« À la Mission locale [de Wattrelos-Leers], on travaille sur les savoirs-faire et le savoir être !" »
(Myriam Zenini, sur lavoixdunord.fr, le 3 juillet 2017)
Ce que j'en pense
Sans doute notre journaliste serait-elle bien inspirée d'y travailler aussi son orthographe. Car enfin, je ne sache pas que les composés de savoir puissent s'écrire autrement, de nos jours, qu'avec un trait d'union, qu'il s'agisse de savoir-faire (« habileté à résoudre les problèmes pratiques ; compétence dans l'exercice d'une activité », attesté dès la seconde moitié du XVIIe siècle), de savoir-être (néologisme formé au milieu des années 1960 sur le même modèle pour désigner des caractéristiques de personnalité), de savoir-vivre (« qualité d'une personne qui connaît et sait appliquer les règles de la politesse, les usages de la vie en société ») ou de quelques autres fantaisies verbales créées pour l'occasion (savoir-aimer, savoir-bâtir, savoir-décliner, savoir-dire, savoir-écrire, savoir-lire, savoir-manger, savoir-mourir, savoir-peindre, savoir-rire, faire-savoir, d'après ce que croit savoir le TLFi).
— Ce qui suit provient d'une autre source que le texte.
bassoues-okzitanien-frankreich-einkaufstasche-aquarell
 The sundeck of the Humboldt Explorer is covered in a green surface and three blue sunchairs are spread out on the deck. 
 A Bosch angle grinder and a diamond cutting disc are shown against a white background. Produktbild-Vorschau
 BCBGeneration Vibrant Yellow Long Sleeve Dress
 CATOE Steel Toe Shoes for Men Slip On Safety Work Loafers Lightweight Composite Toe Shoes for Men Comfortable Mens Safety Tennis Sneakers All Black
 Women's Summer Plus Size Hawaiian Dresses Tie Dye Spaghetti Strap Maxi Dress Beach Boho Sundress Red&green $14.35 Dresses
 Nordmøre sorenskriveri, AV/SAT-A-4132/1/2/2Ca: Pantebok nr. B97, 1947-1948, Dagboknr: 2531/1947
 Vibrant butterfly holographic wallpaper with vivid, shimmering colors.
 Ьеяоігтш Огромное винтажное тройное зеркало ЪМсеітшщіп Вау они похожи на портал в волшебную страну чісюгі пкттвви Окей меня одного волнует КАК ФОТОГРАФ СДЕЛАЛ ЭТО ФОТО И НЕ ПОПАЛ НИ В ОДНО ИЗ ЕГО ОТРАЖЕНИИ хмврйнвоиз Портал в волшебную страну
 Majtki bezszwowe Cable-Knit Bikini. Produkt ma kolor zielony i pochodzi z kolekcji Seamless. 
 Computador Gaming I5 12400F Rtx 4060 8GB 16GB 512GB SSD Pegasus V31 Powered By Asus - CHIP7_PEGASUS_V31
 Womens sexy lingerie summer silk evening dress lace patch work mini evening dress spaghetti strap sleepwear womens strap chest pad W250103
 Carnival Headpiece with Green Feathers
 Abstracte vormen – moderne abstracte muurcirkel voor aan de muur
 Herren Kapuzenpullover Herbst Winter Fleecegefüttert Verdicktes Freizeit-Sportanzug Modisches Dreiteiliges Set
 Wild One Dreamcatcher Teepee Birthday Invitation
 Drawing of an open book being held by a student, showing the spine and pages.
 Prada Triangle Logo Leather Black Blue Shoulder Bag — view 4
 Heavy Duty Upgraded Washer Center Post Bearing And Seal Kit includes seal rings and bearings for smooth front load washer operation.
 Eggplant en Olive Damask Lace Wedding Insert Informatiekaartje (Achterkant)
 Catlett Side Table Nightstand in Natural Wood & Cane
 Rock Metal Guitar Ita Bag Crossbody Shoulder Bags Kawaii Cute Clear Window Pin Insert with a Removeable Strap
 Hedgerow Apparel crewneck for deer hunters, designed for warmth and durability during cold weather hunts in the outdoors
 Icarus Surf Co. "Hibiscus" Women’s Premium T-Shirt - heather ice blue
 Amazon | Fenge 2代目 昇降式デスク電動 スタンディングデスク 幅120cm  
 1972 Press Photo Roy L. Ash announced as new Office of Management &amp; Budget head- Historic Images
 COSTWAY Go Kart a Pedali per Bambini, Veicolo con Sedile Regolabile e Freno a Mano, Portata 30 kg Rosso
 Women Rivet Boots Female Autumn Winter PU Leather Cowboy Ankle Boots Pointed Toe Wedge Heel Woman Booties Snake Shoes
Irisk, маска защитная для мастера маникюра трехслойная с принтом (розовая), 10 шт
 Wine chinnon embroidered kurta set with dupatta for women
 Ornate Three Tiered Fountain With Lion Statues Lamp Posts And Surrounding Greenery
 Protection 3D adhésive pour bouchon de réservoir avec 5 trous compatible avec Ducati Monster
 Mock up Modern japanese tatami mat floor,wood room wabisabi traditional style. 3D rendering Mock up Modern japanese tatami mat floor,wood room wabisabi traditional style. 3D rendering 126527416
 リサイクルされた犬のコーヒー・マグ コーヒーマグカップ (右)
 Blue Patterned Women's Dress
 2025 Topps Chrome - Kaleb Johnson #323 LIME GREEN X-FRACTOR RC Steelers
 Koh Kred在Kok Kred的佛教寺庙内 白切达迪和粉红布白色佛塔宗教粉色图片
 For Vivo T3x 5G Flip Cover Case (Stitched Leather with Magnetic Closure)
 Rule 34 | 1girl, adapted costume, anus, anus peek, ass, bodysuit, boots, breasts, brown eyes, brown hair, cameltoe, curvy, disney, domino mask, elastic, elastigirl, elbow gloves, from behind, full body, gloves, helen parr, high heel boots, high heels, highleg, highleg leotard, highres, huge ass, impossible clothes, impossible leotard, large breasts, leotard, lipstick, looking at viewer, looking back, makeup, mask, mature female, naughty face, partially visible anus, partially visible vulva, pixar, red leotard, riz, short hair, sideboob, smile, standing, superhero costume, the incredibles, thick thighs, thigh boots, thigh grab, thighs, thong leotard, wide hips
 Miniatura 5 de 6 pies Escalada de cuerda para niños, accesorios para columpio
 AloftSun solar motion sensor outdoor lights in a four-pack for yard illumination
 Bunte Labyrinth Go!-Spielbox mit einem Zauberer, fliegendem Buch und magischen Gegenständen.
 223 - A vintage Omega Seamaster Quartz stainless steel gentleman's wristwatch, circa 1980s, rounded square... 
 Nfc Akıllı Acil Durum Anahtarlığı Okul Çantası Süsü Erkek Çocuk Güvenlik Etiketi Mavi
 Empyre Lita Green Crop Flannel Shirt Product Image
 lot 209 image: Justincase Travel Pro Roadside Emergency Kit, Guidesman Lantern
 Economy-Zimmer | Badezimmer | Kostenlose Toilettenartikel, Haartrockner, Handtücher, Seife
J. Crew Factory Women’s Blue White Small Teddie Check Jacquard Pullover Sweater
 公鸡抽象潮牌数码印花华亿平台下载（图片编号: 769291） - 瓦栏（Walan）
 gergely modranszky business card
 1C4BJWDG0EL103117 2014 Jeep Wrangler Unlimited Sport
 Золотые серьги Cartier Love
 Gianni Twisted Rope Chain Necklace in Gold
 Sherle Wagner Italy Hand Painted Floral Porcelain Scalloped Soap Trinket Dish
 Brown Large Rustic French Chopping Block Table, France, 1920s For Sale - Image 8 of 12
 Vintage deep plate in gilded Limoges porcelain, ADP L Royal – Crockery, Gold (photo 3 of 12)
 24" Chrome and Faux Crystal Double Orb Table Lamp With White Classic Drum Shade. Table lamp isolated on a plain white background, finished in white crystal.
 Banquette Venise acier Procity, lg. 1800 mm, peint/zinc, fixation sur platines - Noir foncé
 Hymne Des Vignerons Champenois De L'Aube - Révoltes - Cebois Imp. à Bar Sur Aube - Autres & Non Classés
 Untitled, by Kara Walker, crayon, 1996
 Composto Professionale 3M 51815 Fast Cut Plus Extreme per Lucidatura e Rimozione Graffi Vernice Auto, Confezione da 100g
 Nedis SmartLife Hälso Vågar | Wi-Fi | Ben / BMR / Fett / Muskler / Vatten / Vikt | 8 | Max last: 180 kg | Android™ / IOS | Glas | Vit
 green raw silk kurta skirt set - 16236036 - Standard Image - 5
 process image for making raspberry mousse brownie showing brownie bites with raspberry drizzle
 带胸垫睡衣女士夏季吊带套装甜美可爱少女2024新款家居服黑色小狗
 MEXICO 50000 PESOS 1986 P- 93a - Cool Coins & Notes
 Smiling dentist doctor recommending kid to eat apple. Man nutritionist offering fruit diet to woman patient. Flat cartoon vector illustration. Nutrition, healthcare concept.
Surtout, on s'avisera que lesdits noms masculins, formés à partir d'infinitifs non substantivés, restent invariables, à l'instar de ces exemples trouvés sous des plumes qui savent y faire : « Il résulta de ces petits savoir-faire cette apparence de succès qui trompe la jeunesse » (Balzac), « Les beaux-arts et la poésie [sont] des savoir-faire dédaliens, où n'atteint pas le grand nombre » (Sainte-Beuve), « Il me suffit d'apprendre patiemment la difficile science de vivre qui vaut bien tous leurs savoir-vivre » (Camus). À dire vrai, l'emploi de ces mots au pluriel est plutôt rare dans la langue ordinaire (*) : Il a du savoir-faire. Il devrait acquérir un peu de savoir-vivre. Mais il se répand dans le jargon des ressources humaines et de la pédagogie : développer des savoir-faire spécifiques, « On liste d'abord les savoir-faire pour en déduire les savoirs requis ainsi que les savoir-être adéquats » (Sabine Wojtas, Les Ressources humaines pour les nuls).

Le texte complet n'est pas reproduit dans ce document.